I lost that when I was deep in Playwright. I was so focused on making the tests pass that I stopped asking whether the thing being tested was even worth building.

Craftsmanship

This connects to something I keep coming back to: software as craft, not just engineering.

A woodworker doesn't just measure whether the joints fit. They run their hand along the surface. They check the grain. They feel whether the piece is right. The measurements matter, but they're not the whole story.

Manual testing is the equivalent for software. It's the part where you step back from the code and experience the thing as a whole. Not as a collection of functions and API calls, but as a tool someone will actually use.

When I was stuck in Playwright, I'd forgotten that. I was thinking in units of "does this test pass?" instead of "does this software work?" And those are not the same question.

Where Automation Fits

I'm not saying automated tests are useless. For certain things — especially backend logic, API contracts, critical paths — they're valuable. If you have a billing calculation that must be precise, write a test. If you have authentication logic that must be secure, write a test.

But I've stopped trying to automate the experience layer. I've stopped trying to get Playwright to click through flows that I should be clicking through myself. Because every hour I spent debugging test selectors was an hour I wasn't spending understanding my product.

And when you're building with AI, understanding your product is the most important thing you can do.

The Real Test

The real test isn't whether Playwright can find the button. The real test is whether you, as the builder, can use the software and feel confident that it does what it should.

Can you add a billing item and know, intuitively, that the flow makes sense?

Can you toggle a setting and understand, immediately, what it's changing?

Can you navigate through the app and feel that it's cohesive, that the pieces fit together, that it's something you'd be willing to show someone else?

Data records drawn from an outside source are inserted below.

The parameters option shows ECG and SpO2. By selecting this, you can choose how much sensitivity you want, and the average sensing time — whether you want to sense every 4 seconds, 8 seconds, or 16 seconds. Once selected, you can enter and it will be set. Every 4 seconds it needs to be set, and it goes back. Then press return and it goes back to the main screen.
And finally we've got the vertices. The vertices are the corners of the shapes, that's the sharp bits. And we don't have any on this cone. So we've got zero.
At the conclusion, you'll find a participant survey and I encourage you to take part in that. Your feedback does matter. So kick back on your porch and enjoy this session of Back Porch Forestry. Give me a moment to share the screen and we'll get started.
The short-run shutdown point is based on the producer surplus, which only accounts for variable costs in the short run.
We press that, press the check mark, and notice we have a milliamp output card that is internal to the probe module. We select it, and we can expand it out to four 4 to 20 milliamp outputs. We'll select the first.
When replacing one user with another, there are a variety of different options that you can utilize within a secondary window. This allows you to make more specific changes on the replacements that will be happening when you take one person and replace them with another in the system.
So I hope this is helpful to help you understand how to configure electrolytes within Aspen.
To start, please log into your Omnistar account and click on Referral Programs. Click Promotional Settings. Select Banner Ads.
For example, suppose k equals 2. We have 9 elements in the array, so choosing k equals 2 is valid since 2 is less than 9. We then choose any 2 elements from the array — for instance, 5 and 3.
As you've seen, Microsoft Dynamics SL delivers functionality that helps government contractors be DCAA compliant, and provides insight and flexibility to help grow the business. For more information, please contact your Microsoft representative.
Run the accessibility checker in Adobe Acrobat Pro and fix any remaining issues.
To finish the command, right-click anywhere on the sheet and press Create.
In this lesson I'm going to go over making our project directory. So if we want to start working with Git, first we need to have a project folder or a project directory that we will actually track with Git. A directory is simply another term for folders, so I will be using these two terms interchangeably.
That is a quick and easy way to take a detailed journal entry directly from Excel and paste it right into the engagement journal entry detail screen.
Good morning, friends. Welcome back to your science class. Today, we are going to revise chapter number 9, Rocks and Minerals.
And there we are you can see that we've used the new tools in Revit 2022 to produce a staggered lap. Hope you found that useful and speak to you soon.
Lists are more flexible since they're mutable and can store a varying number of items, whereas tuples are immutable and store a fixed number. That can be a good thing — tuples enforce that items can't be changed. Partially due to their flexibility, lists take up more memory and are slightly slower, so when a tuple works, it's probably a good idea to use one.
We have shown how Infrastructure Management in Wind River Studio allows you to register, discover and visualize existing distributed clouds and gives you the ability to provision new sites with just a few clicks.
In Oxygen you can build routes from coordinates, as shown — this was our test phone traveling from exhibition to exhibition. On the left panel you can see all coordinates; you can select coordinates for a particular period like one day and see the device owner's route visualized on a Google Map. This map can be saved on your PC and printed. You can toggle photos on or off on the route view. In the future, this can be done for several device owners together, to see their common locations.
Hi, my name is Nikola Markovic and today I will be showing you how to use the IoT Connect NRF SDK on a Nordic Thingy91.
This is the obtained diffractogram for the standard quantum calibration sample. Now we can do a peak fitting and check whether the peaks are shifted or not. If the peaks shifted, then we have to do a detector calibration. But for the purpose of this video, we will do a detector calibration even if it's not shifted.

If you can't, no amount of automated testing will save you. Because the problem isn't that the code is broken. The problem is that you don't understand what you're building anymore.

Sometimes You Must Be Ready

This circles back to something I wrote about in another essay: sometimes things align in unique ways. You must be ready.

When you're manually testing, you're not just checking for errors. You're staying ready. Ready to notice when something feels off. Ready to ask the question that leads to a better design. Ready to see the feature that's technically correct but strategically wrong.

AI moves fast. Automated tests move fast. Manual testing slows you down — deliberately — so you can think. So you can stay connected to the craft. So you can maintain the flavour.

And in a world where AI can build anything you ask for, the bottleneck isn't speed. It's understanding. It's knowing what to ask for in the first place.

Manual testing is how you stay in touch with that.

Unanswered Questions

  • Is there a version of automated testing that preserves understanding instead of replacing it?
  • How do you know when you've tested enough manually? When do you trust the software?
  • What role does manual testing play in larger teams? Does the problem change when you have dedicated QA?
  • Can AI ever develop the "flavour" for software, or is that inherently human?
  • Is the real lesson here about slowing down in general, not just about testing?